Il nous reste encore à proposer quelques notes sur ce président, sur sa psychologie, sur son hybris à deux balles, de courroie de transmission du Système... Dans ce cas d’école du personnage, avec cette intervention qui pourrait avoir des conséquences considérables et gravissimes, BHO a fait montre d’une suffisance paternaliste qu’on pourrait qualifier effectivement (voir plus haut) d’“autosuffisance invertie”. On prend le terme “autosuffisance” dans le sens philosophique, ou pseudo-platonicien, selon Wikipédia : «Selon Les Définitions platoniciennes du Pseudo-Platon, l'autosuffisance est la possession du bien dans sa totalité, l'état qui permet à ceux qui le possèdent la pleine maîtrise d'eux-mêmes», – en observant, restriction décisive certes, que le POTUS parvient donc à créer un sens pseudo-platonicien inverti, portant évidemment sur le membre de phrase de la définition de “possession du bien dans sa totalité” qu’il faut lire dans son sens inversé autour du mot “bien”. Dans ce cas, il ne peut faire aucun doute, pour ceux qui acceptent cette sorte d’analyse, qu’Obama est un personnage entièrement possédé par le Système, et agissant avec brio dans ce sens ; dans ce cas, effectivement, sa virtuosité intellectuelle s’exprimant notamment par son talent oratoire et son sens des paraboles, produit une virtuosité dans l’inversion qui suscite des effets catastrophiques. (On peut méditer à cet égard la remarque de fureur contenue et de vanité blessée de l’Editorial Board du NYT qui n’entend pas être cantonné dans l’arrière-cuisine, avec la vaisselle sale : «Out-of-control surveillance is a bit more serious than kitchen chores.» Rien de pire que de blesser la vanité de ces loyaux serviteurs du Système que sont les membres du Board du NYT, qui tiennent à leur réputation de gardiens du Temple, ou des restes des tours de Manhattan, et promoteurs inlassables des valeurs du “quotidien mondial de référence” du Système, – bref, terrible, dévastatrice “discorde chez l’ennemi”.) Mais enfin, tout cela entre dans la logique des choses : l’“autosuffisance invertie” de BHO entre parfaitement dans la dynamique d’autodestruction du Système dont il est le zélé homme de main.

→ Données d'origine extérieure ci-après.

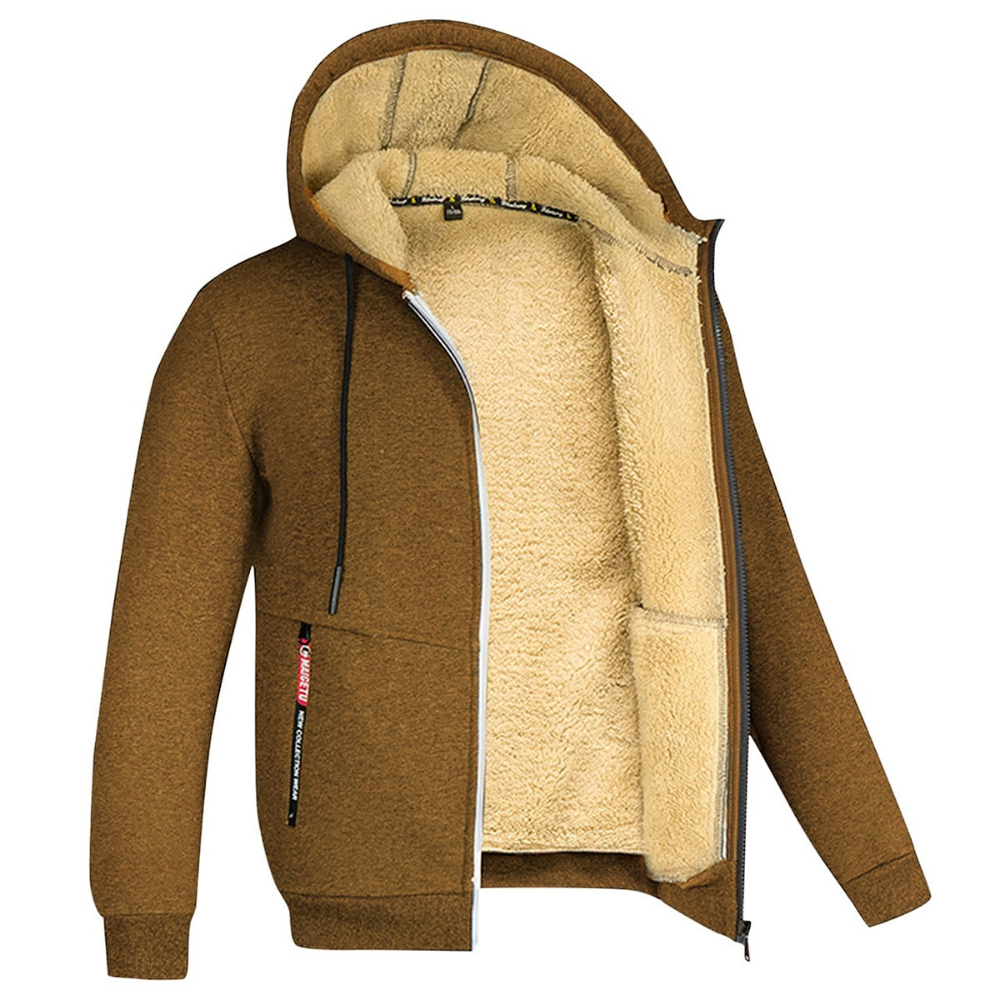Sehr warme Herren Winterjacke, gefüttert. Perfekter Kälteschutz für Winter & Outdoor.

Reste à savoir, pour compléter l’enquête, ce que la douce Michelle Obama, citée dans la conférence de presse pour tenir symboliquement, dans la parabole offerte, le rôle du peuple américain, immature et qui n’a pas besoin de comprendre pour suivre les exhortations du Messie, ce qu’elle pense de tout cela. Rôle de composition ou rôle de sa vie ? Et que dire du Messie aux cuisines ?
... Après tout cela, ces réflexions hautement conduites et notre enquête bouclée, un détail, un simple fait statistique qui n’est pas inintéressant, qui peut s’avérer révélateur. On en prendra connaissance à la lumière de tout ce qui précède.
Il s’agit des résultats d’un sondage Gallup, signalé par CNS.News le 11 août 2013, repris avec empressement par Infowars.com le même 11 août 2013. Obama a le plus faible taux de satisfaction de son action en tant que président depuis le point le plus bas de sa présidence, le 28 décembre 2011 : 41% d’opinions favorables, contre 50% d’opinions défavorables. Le détail de la conduite du sondage est essentiel, l’enquête ayant eu lieu entre le 8 et le 10 août, à cheval sur la conférence de presse du 9 août dont nous parlons. Jusqu’à la conférence de presse, le rapport (favorables-défavorables) était de 44%-46%, après la conférence il est passé à 41%-50%.